イスラエル12部族の内のレビ族(後の祭司の家系)出身の夫婦に男の子が産まれましたが可愛かったので、3ヶ月間隠れて育てました。しかし隠しきれなくなり、防水加工した籠に赤ちゃんを入れ、河畔の葦の茂みの間に置きました。そこに王女が水浴びに来て籠を見つけ、ふびんに思い我が子として育てることにします。様子を見ていた姉ミリアムは、王女に、乳母を紹介すると言って母親を連れてきたので、王女はその子を託しました。
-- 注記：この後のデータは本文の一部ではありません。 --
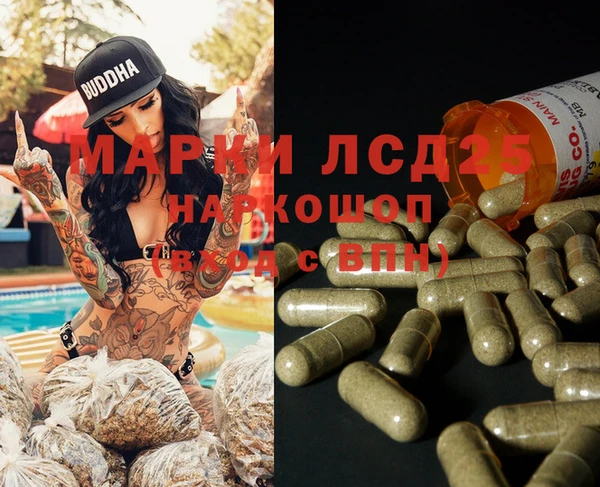 a pvp Армянск
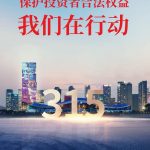 保护投资者合法权益,明升体育在行动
*「水の中から引き上げた」(マーシャー)から「モーセ」と命名

王女は彼をモーセと名付けました。水の中から引き上げたからです

パレスチナは水が少なかったので、水は大切な支えとして(イザ 3:1)、発見時には祝われ(民21:16~)、祝福の象徴(詩 23:2 ・イザ32:2)でもあり、清めの象徴(エゼ 16:4)にもなりました。「引き上げる」は、旧約聖書では「主は高い天から御手を伸ばしてわたしをとらえ大水の中から引き上げてくれた(サム下22:17)」、「主は高い天から御手を遣わしてわたしをとらえ、大水の中から引き上げてくださる(詩18:17)」とあり、新約聖書では、モーセが拾い上げられた場面(使徒7:21)、幼子イエス様の命がねらわれてエジプトに逃げた時の預言(マタイ2:15・・ホセア11:1)、イエス様が聖なるものとして身体が献げられた時(へブライ書10:10)に用いられていて、この「引き上げる」という言葉は「モーセ」の名前に「救い主イエス様」との関係を持たせているようです。清めの儀式にも使われる「水」、命を与える「水」、その水から引き上げられた、そのことが神様の計画にあり、やがて現れるイエス様の出来事にも繋がりがあり、意味ある名前であることが分かります。

*わたしたちこそ「神の家」(ヘブライ書3:6)

本日のヘブライ書に、「モーセは将来語られるはずのこと(イエス様の、神の家の建設)を証しするために、仕える者として神の家(イスラエルの民)全体の中で忠実でしたが、キリストは御子として神の家(教会)を忠実に治められるのです。」とあります(5~6節)。モーセはシナイ山(別名ホレブ山)で神様と語り、山を下った時には神様の栄光を受けて顔は光を放っていたので、神様の言葉を伝え終るとモーセは顔に覆いをかけました(出エジプト34:29)(やがて消え去る光)。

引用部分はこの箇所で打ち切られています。